TCF National Bank (TCF) sued to enjoin a portion of the Dodd-Frank Wall Street Reform Act (Act) of 2010, Pub. L. No. 111-203, 124 Stat. 1376, that would limit the rate some financial institutions could charge for processing debit-card transactions. Section 1075 of the Act, the Durbin Amendment, amended the Electronic Fund Transfer Act, 15 U.S.C. 1693, et seq., by adding several provisions regarding debit-card interchange fees. TCF alleged that section 1693o-2(a)(2), (a)(4), and (a)(6) of the Act were facially unconstitutional because these provisions would require the Board of Governors of the Federal Reserve Board (Board) to set an interchange rate below the cost of providing debit-card services.

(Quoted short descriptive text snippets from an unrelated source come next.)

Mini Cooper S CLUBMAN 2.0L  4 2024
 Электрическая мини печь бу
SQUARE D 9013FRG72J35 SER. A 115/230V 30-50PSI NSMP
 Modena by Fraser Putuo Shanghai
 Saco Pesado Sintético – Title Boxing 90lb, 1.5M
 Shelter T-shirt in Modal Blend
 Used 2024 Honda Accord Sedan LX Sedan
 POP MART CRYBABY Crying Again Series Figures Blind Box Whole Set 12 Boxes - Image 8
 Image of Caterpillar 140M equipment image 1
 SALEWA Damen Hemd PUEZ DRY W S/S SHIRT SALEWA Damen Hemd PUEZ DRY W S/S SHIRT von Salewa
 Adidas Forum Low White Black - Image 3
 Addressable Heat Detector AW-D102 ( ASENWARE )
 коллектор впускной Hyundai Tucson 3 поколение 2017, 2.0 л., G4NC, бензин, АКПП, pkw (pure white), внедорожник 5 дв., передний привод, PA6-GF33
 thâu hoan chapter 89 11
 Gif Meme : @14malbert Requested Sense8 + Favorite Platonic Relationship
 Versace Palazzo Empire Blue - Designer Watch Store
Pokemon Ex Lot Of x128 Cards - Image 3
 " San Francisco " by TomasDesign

TCF also alleged that these provisions arbitrarily exempted smaller issuers from the Board's rate regulations and thus violated TCF's due process and equal-protection rights under the Fifth Amendment. The court held that the challenged provisions in the Durbin Amendment survived rational basis review where "Congress's decision to link interchange fees to issuing banks' actual costs was reasonably related to proper legislative purposes: (1) to ensure that such fees were reasonable and (2) to prevent retailers and consumers from having to bear a disproportionate amount of costs of the debit card system." The court also held that the Durbin Amendment's distinction between larger and smaller issuers of debit-cards was rationally related to the government's legitimate interests in protecting smaller banks, which did not enjoy the competitive advantage of their larger counterparts and which provided valuable diversity in the financial industry. Therefore, the court held that TCF was not likely to prevail on its equal-protection argument. Accordingly, the court affirmed the district court's denial of TCF's motion for a preliminary injunction.
ABN AMRO Bank, N.V., et al. v. MBIA Inc., et al.
This case stemmed from a dispute between MBIA Insurance Corporation (MBIA) and certain of its policyholders who hold financial guarantee insurance policies. The principal question presented was whether the 2009 restructuring of MBIA and its related subsidiaries and affiliates authorized by the Superintendent of the New York State Insurance Department precluded these policyholders from asserting claims against MBIA under the Debtor and Creditor Law and the common law. The court held that the Superintendent's approval of such restructuring pursuant to its authority under the Insurance Law did not bar the policyholders from bringing such claims. Accordingly, the court held that the order of the Appellate Division should be modified, without costs, in accordance with the opinion.